Dynamically manage your drone.io cluster of agents.
It is costly to have powerful dedicated build machines. If usage is only a percentage of uptime, dynamically sizing the agent network for the work queue can have a cost saving.
For many libre software projects, requiring a few hours of compute time every day, this can make it possible to use high-powered build machines for a fraction of the cost of a dedicated machine (e.g. $20/month instead of $200/month).
Drone server is a libre continuous integration application, which farms out jobs to docker agents when it detects events such as pull requests or new commits.
Drone agents spawn additional (project-defined) docker containers which run the jobs they receive, and report their status back to the main drone server.
An agent can be started on any docker-enabled device with a command like:
docker run -d \
-e DRONE_SERVER=wss://ci.fommil.com/ws/broker \
-e DRONE_SECRET=<redacted> \
-e DOCKER_MAX_PROCS=1 \
-e DRONE_TIMEOUT=30m \
-v /var/run/docker.sock:/var/run/docker.sock \
--restart=always \
--name=drone-agent \
drone/drone:0.5 agent
This is a daemon application that demonstrates the functional programming style in Scala (this is more important to the authors than quick fixes or features) and manages a (paid-for) resource pool of agents:
- if the work queue is not empty, agents should be purchased until sufficient worker resource is available to deplete the queue
- no cost should be incurred when the queue is empty for extended periods (or if the application gets into a bad state!)
We can poll the drone server using its REST API http://readme.drone.io/api/ (a websockets API is available but is known to be unreliable) to get the work queue and infer expected timings of jobs.
A SIGTERM
will stop an agent from accepting new jobs but will finish existing jobs (this would be a good drone feature).
It's possible to use the Amazon ECS service, see http://docs.datadoghq.com/integrations/ecs/ to set up an appropriate container (which is in a Task, which run in Instances, which are grouped in a Cluster).
A reasonable instance for libre projects is a c4.xlarge instance (4 CPUs, 7.5GB RAM), costing ~$0.06/hour (rounded up to an hour) using the spot price.

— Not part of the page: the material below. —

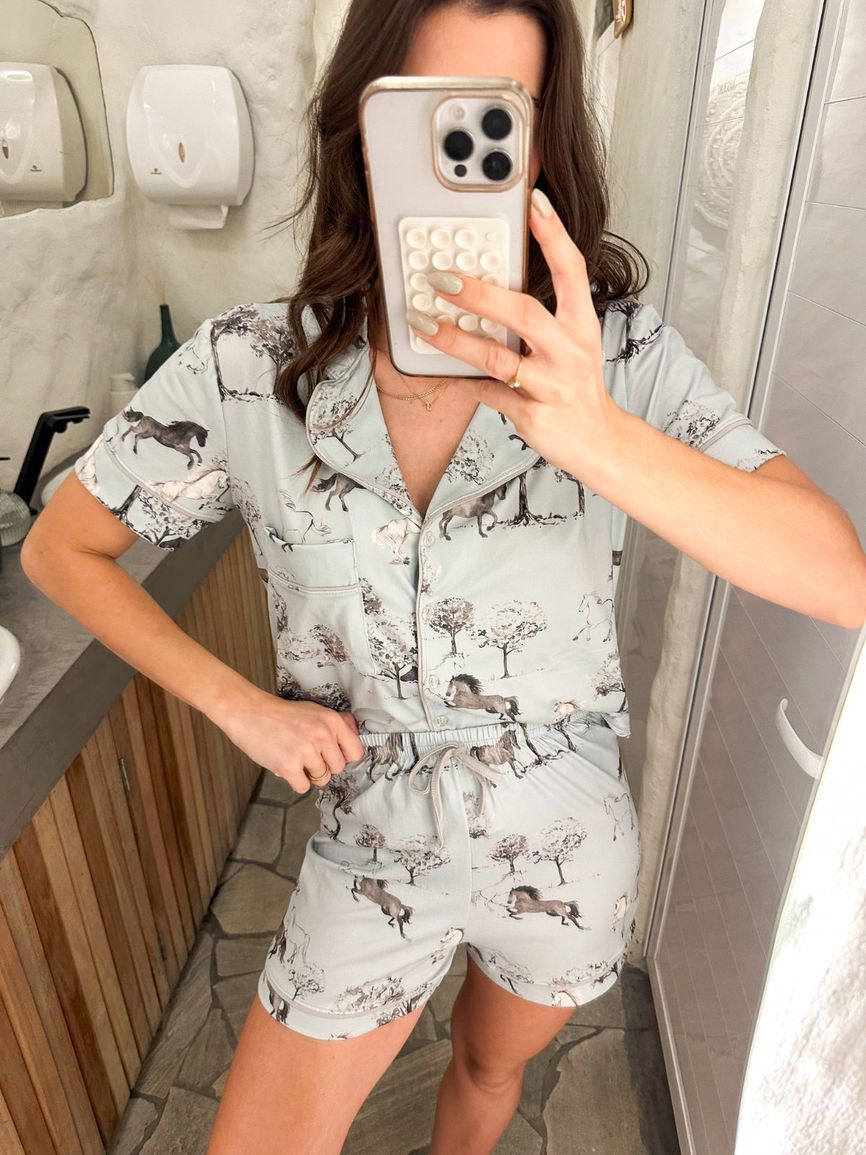 Pijama Feminino Americano Curto Cavalos Vintage - TUTTI AMI - Loja Oficial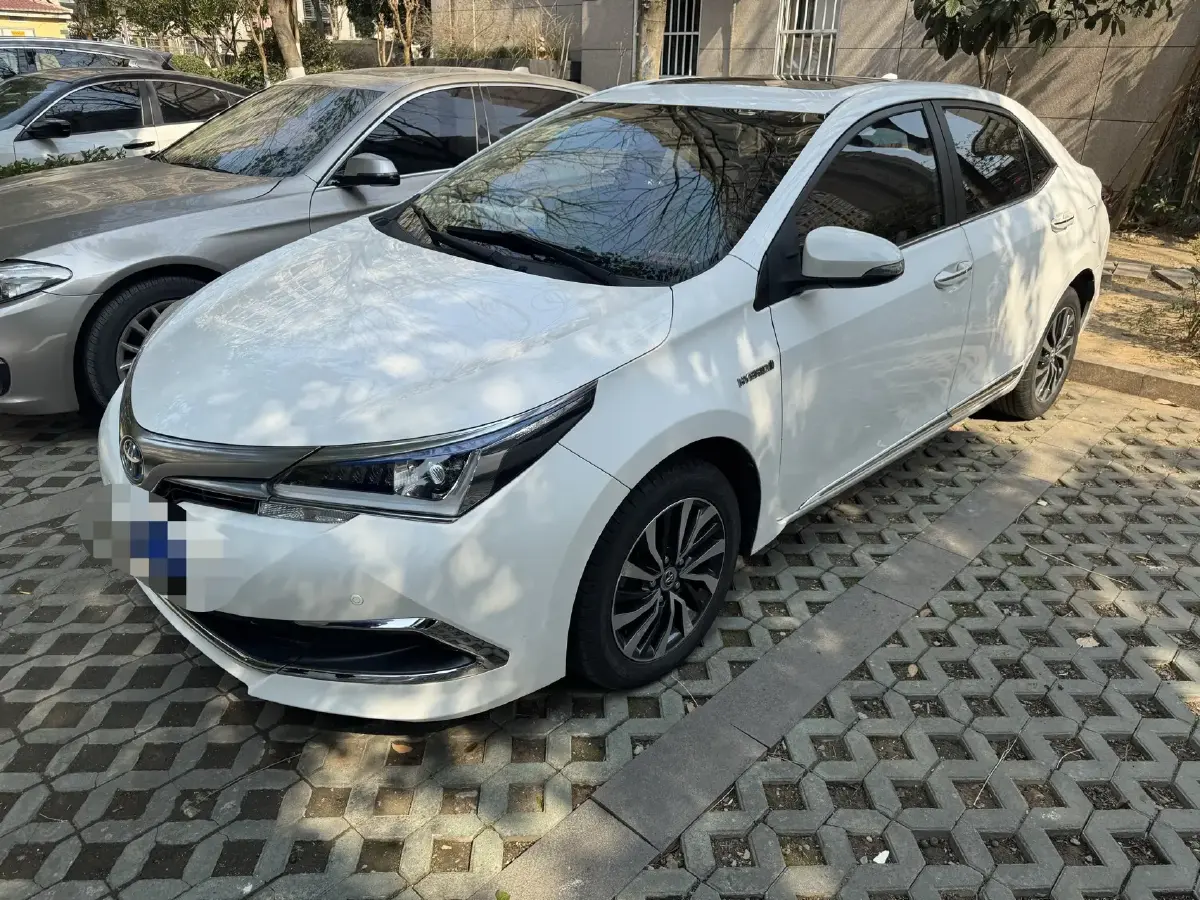 2016 Toyota Corolla 1.8L 99HP L4 E-CVT Hybrid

It is possible to set up budgets and alerts on Amazon, which is a good safety net in case of bugs. Their machines are pretty fast, ensime-server taskes around 11 mins on 4 CPUs x 7.5GB.
Another option is to use the Google Container service. I managed to get a kubernetes Deployment working with this file http://stackoverflow.com/questions/42273332 On pricing, they charge similarly to Amazon with a cheaper pre-emptable option options. Also rounded up hourly (AFAICT). Their machines are marginally slower than the EC2 ones. e.g. an ensime-server build takes 13 mins on 4 CPUs x 8GB. Bumping to 8 CPUs x 8GB gets it to 11mins, on par with the lower spec Amazon machine (probably not worth the extra caps).
Digitalocean have a really nice API, but are pretty expensive ($0.11 / hour for the same spec machine as Amazon), but their CPUs are super slow. An ensime-server build takes 25mins.
There are many ways to programmatically communicate with Amazon http://docs.aws.amazon.com/AmazonECS/latest/APIReference/Welcome.html we'd ideally prefer to use a pure JVM solution without having to rely on proprietary binaries (e.g. REST).
In an ideal world we would respond to work queue events like so: when a job is submitted, spawn an agent that accepts one job and then shutdown.
However, the APIs available to us do not allow us to do this. Notably:
- there is no way to spawn an agent that accepts one job and then exits (this would be a good drone feature)
- telling an agent not to accept any more jobs cannot be done remotely
- amazon charges are rounded up to the hour, so starting an Instance for 1 minute costs 1 hour
- an ECS Task cannot be started or accepted unless there is a running Instance
- worth repeating: Amazon charges per hour of Instance (not per hour of a Task)
- if an agent is killed before it finishes, it is not rescheduled (this would be a good drone feature)
- it might be possible to bid for cheaper CPU resource by block booking (to confirm)
- it might be possible to extend a block-booked period of time
A possible algorithm may be:
- receive input from AWS and drone that mutates a forgetful state containing our knowledge about what we have asked AWS/drone and what it has told us.
- if the queue is non-empty and the resource list is empty and we have not requested more resources, then bid for an hour of Instance
- when an Instance appears, start a Task within it
- when the hour is almost up (timing TBD), make a go/no-go decision to renew for another hour (i.e. is work queue empty and no currently running jobs). If no-go, then tell the agents not to accept any more work and schedule the Task/Instance to die.
This business logic is to be fully implemented using the free monad pattern (i.e. no business logic in the implementation details) and ideally in such a way that another (non-Amazon) interpreter could be written.